Interrogée sur ses projets elle affirme avoir le désir de continuer. Elle a déjà une piste pour un prochain livre mais elle ne l'a pas tout à fait commencé. Les recherches sont entamées. Là encore il y aura un travail préalable de documentation puisque c'est devenu sa manière d'entrer dans l'écriture. Elle cherche l'inspiration dans les livres, les films, la musique. Elle a besoin de baigner dans une ambiance propice.
Elle est passionnée de cinéma. Elle me recommande d'aller voir Sils Maria, d'Olivier Assayas, qu'elle a adoré. Elle le juge remarquablement écrit et interprété avec finesse. Coté musique, c'est le dernier album de Julien Doré qu'elle a beaucoup écouté ces derniers temps.
Elle lira probablement Nothomb, car le sujet lui semble intéressant, cette amitié particulière ... Elle se plongera dans le dernier Serge Joncourt car son talent est immense, me dit-elle.
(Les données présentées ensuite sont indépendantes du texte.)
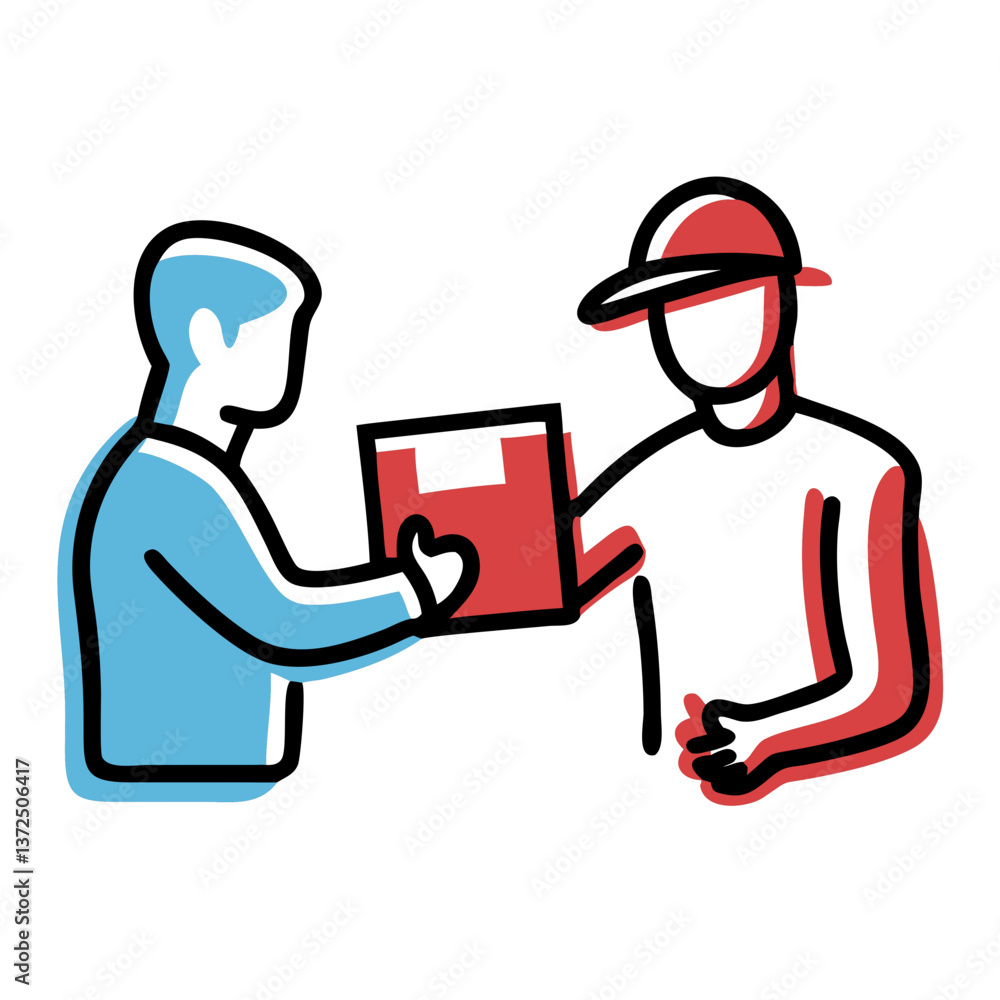 Delivery Person Handing Package to Customer Delivery Person Handing Package to Customer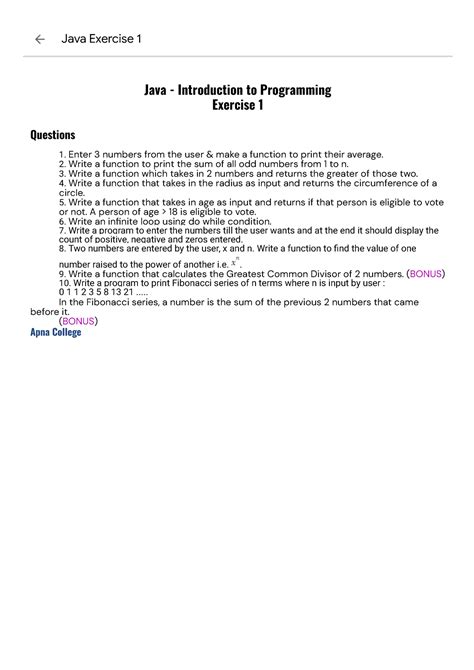 Java Exercise Java By Apna College Java Introduction To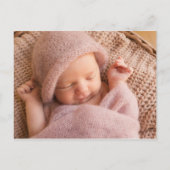 Baby Koe Rustieke Bloemen Baby Geboorte Aankondigi Aankondigingskaart (Achterkant)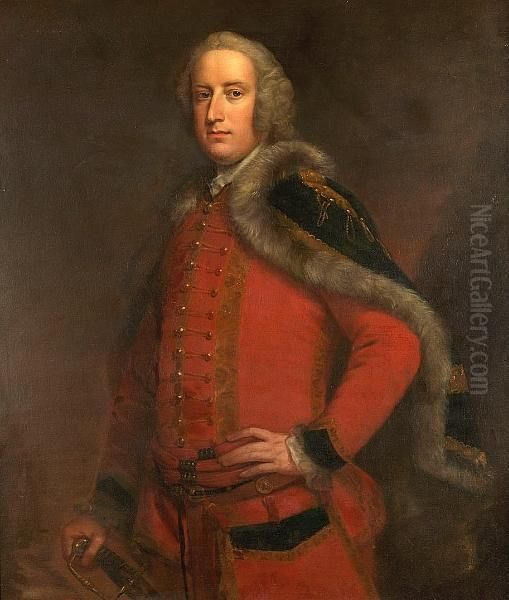 Portrait Of An Officer, Standing
 Three-quarter-length, In A Scarlet Frock Coat With A Blue, Fur-lined 
Cloak, His Hand Resting On A Sword Oil Painting by Thomas Hudson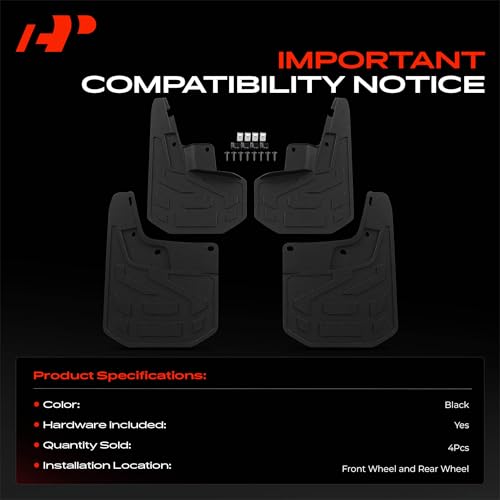 Image of A-Premium Mud Flaps for Chevrolet Colorado 2023 2024 2025 2026, No Drilling Required Mud Guards with Hardware Accessories, Set of 4 Front and Rear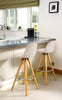 Bar Stools Kitchen Breakfast Chairs Dining Modern Wooden Velvet | Set of 2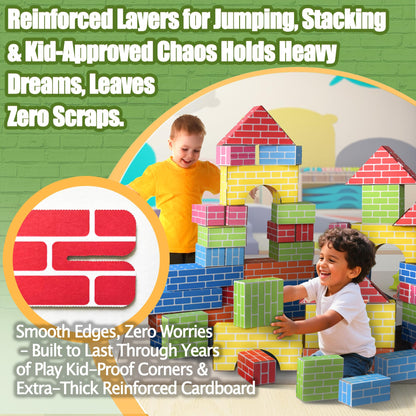 Cardboard Building Blocks for Kids 26pcs: Jumbo Gifts Heavy Duty Develop Creative Thinking Spatial Reasoning Easy to Assemble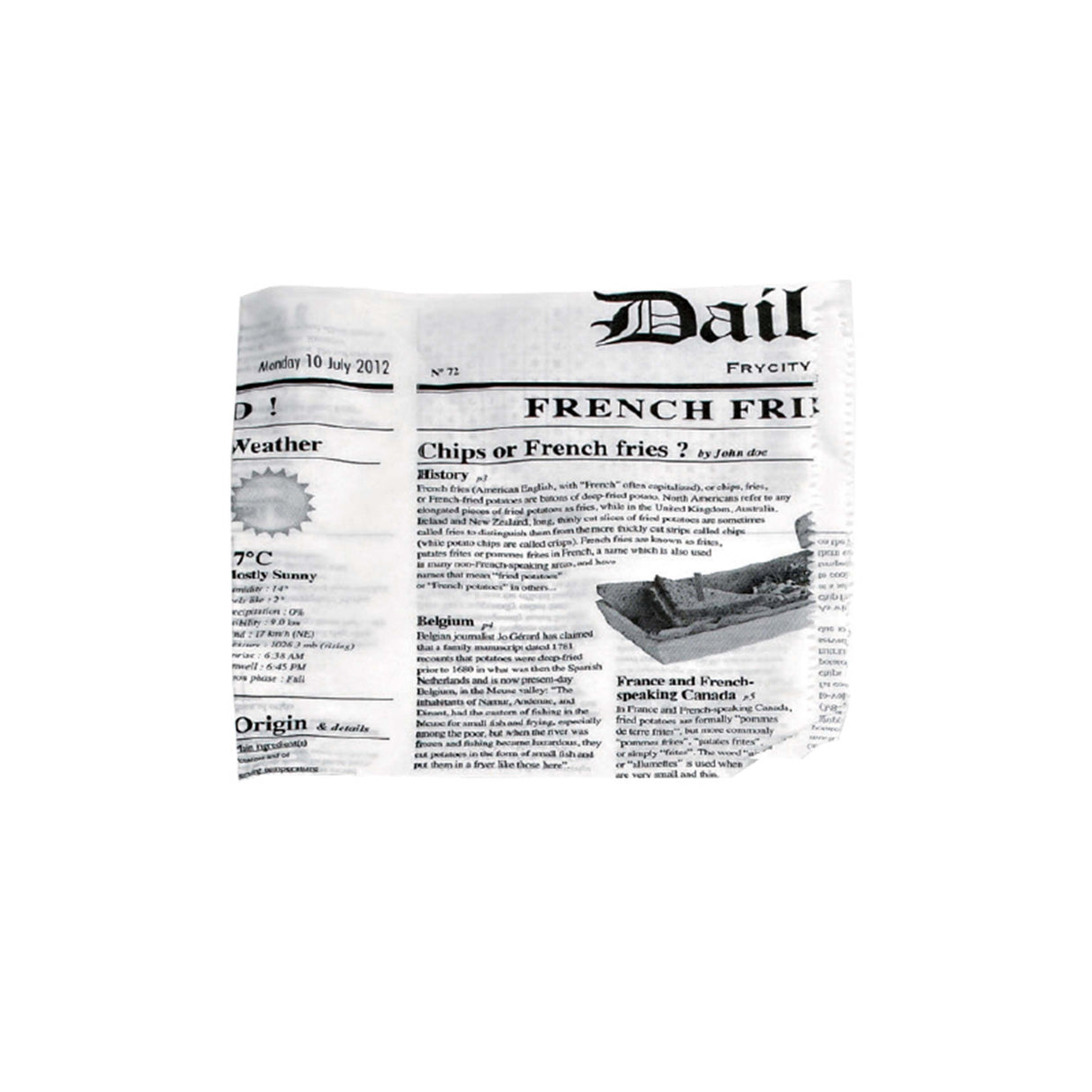 Bags, 6.7 x 6.7 Inch, White, Newspaper Design, Opens on 2 Sides 8 - 1000 COUNT 311747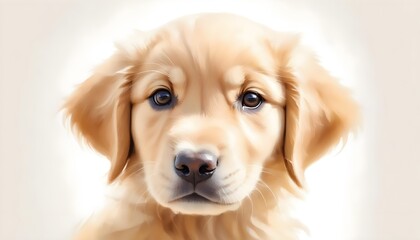 Golden retriever dog smiling in bright studio portrait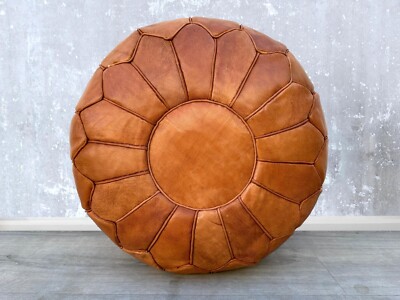Moroccan Ottoman Leather Pouf : Luxurious Comfort for Your Living Space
Elle ne résistera pas au prochain Emilie de Turckheim, qui publie elle aussi chez EHO et dont elle aime la fluidité. J'ai ouvert La disparition du nombril et je partage son opinion.
Catherine fait des allers retours réguliers entre Bruxelles et Paris qui sont à moins de deux heures l'une de l'autre. Elle a vécu à Paris mais la capitale française est devenue financièrement inaccessible. Bruxelles est une ville où l'atmosphère est plus détendue, une sorte de refuge, un endroit très propice pour écrire : On s'y sent bien, c'est plus simple pour un auteur, plus confortable. J'y suis installée depuis neuf ans et j'y suis très heureuse.